Now we're talking, welcome to the party Lew!


----------



## Smitty_Cabinetshop (Mar 26, 2011)

One of my faves.


----------



## Handtooler (Jul 24, 2012)

I personally prefer the righty or righty/lefty tapes, so when I hold the tape in my left hand and pun to extend I read the numerals right side up and the increments on the correct side. The tape however, is second to my folding 36" dogwood Chester Rabone rule, which I've regularly used since 1978; and it's still in excellent condition; stays in my apron pocket.


----------



## DS (Oct 10, 2011)

> Hey DS, you trying to ruin my fun? ;-)
> 
> - papadan


Now, are you trying to ruin mine? ;-)

P.S. I don't think I've ever dreamt about a tape measure…. sorry.

(I may start dreaming about Smitty's though.)


----------



## RichT (Oct 14, 2016)

They sell the Stanley LeverLock 16' at HD for $5, so it's hard to not keep a half-dozen around.
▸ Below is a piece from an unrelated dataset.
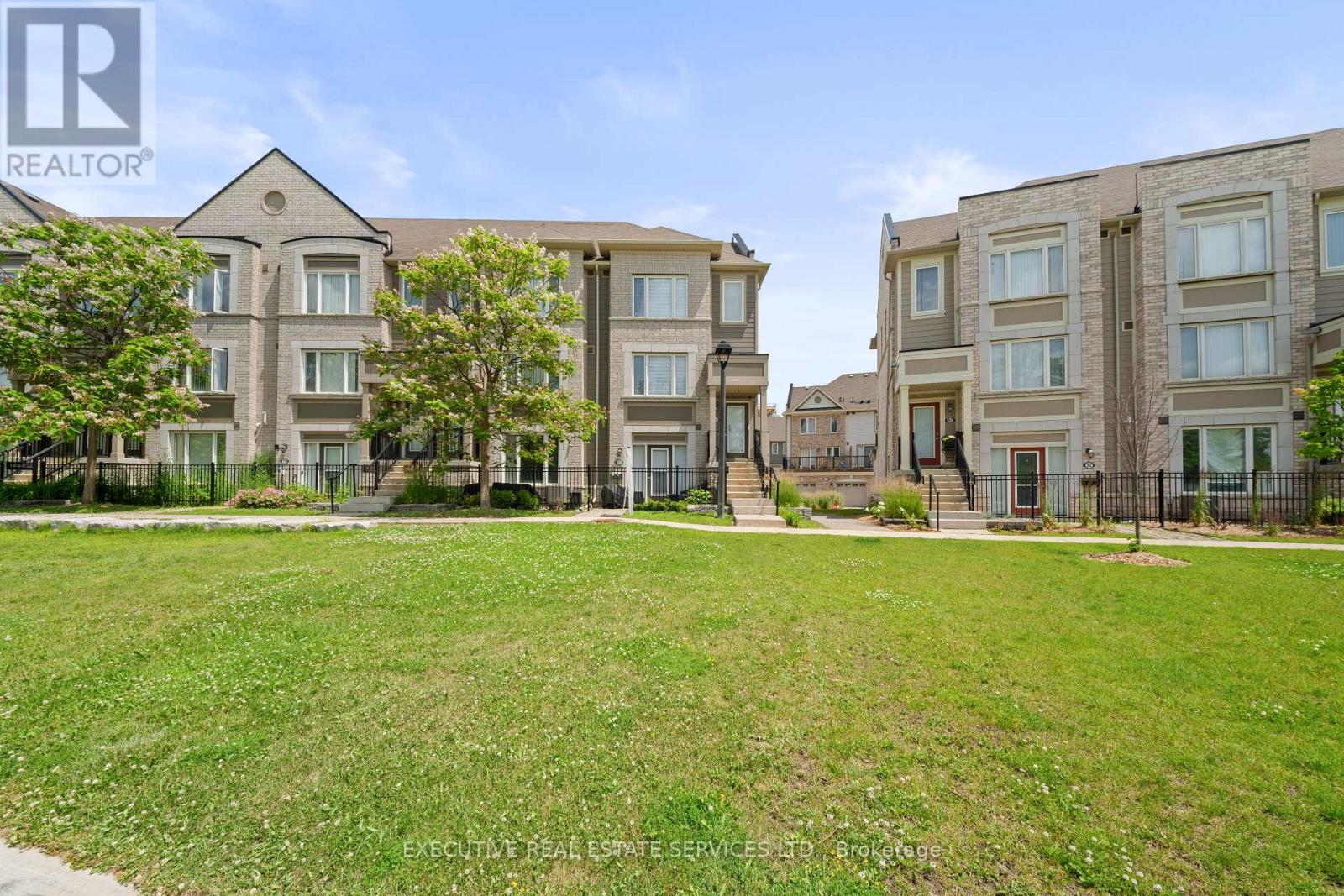 #95 1 BECKENROSE COURT - 3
I'm still always looking for one though.


----------



## DS (Oct 10, 2011)

Hey, papadan, be careful - this thread is in danger of drifting back ON topic. heheh



> They sell the Stanley LeverLock 16 at HD for $5, so it s hard to not keep a half-dozen around. I m still always looking for one though.
> 
> - Rich


Rich, I've learned that if I only have one, I can always find it. This works for pencils too. 
Turns out that if I have lots of them, I am less careful about remembering where I leave them. 
When I have only one, it seems I make a point to remember where it is at all times.
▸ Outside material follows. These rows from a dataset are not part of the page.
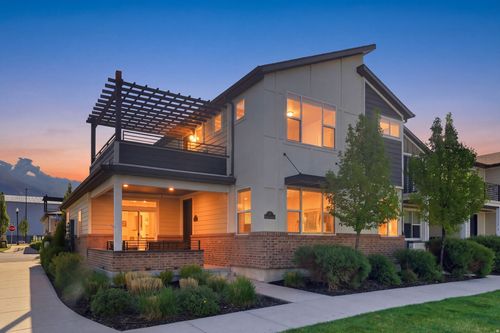 11 S Rio Grand Ave, Farmington, UT, 84025-2183 | Card Image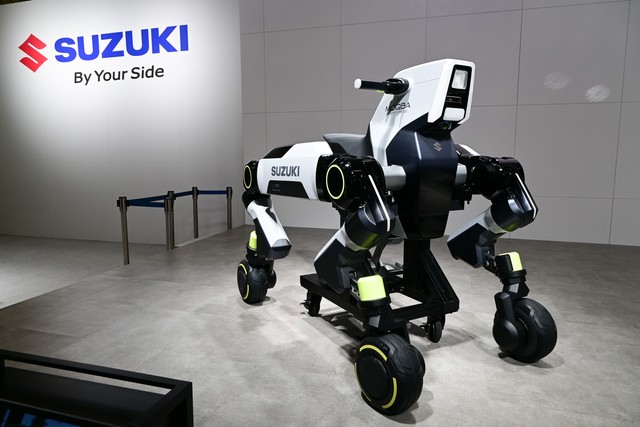 このヘッドの形状、全体のフォルム、そして「MOQBA」というネーミング。絶対あれをリスペクトしてますよね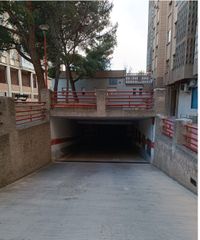 Parking coche en Parque Palomar - Bombarda. Garaje en venta en calle biarritz 2, sector hispanidad  avenida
Since I have three tapes (good ones), I am always searching for one. 
I have dozens of pencils - dang they are hard to find!


----------



## RichT (Oct 14, 2016)

I dream about pencils and donuts. I wonder what it could mean?


----------



## 280305 (Sep 28, 2008)

> I dream about pencils and donuts. I wonder what it could mean?
> 
> - Rich


I have no personal experience with such dreams, but they both are sold a dozen to a box. I'm sure that is the only possible explanation. I bet you dream about eggs too.


----------



## papadan (Mar 6, 2009)

I'm dreaming of the recoil Smitty's tape has! ;-) Views up to 319. LMAO


----------



## Smitty_Cabinetshop (Mar 26, 2011)

> I m dreaming of the recoil Smitty s tape has! ;-) Views up to 319. LMAO
> 
> - papadan


Only 319? Clearly no appreciation out there for quality tape measures…


----------



## RichT (Oct 14, 2016)

> I dream about pencils and donuts. I wonder what it could mean?
> 
> - Rich
> 
> ...


You just saved me a visit to the shrink.


----------



## woodbutcherbynight (Oct 21, 2011)

Here is my contribution


----------



## RichT (Oct 14, 2016)

> Here is my contribution
> 
> - woodbutcherbynight


Two ply?


----------



## RichT (Oct 14, 2016)

OK. Let's get serious here. Why the heck don't they make tapes with interior measures that are in whole inches? Am I supposed to add 2-27/32" to the tape reading for that? And the spot on the tape for the starting point is barely discernible because the tape's mouth is not flat.

I have an old White Chief 6' measure from the '50s ('40s?) that was my dad's that I still use for that. The case mouth is perfectly flat and readable, and the inside measure says to add 2". Is that so hard these days?


----------



## jbertelson (Sep 26, 2009)

You are degenerate, you sly old curmudgeon, you!!!!


----------



## woodbutcherbynight (Oct 21, 2011)

Should we consider the metric system???? 27/32" Really, like I just call that out all the time. Metric would be 122 millimeters, to find the center divide by two minus all that screwing around with eight layers of fractions…...


----------



## papadan (Mar 6, 2009)

> You are degenerate, you sly old curmudgeon, you!!!!
> 
> - Jim Bertelson


Jimmy, so nice of you to visit, 3921 views so far, not sure what a curmudgeon is but if it is anything like a degenerate, I'm all in! LMAO

Where you been hiding Jim and have you ever finished that table?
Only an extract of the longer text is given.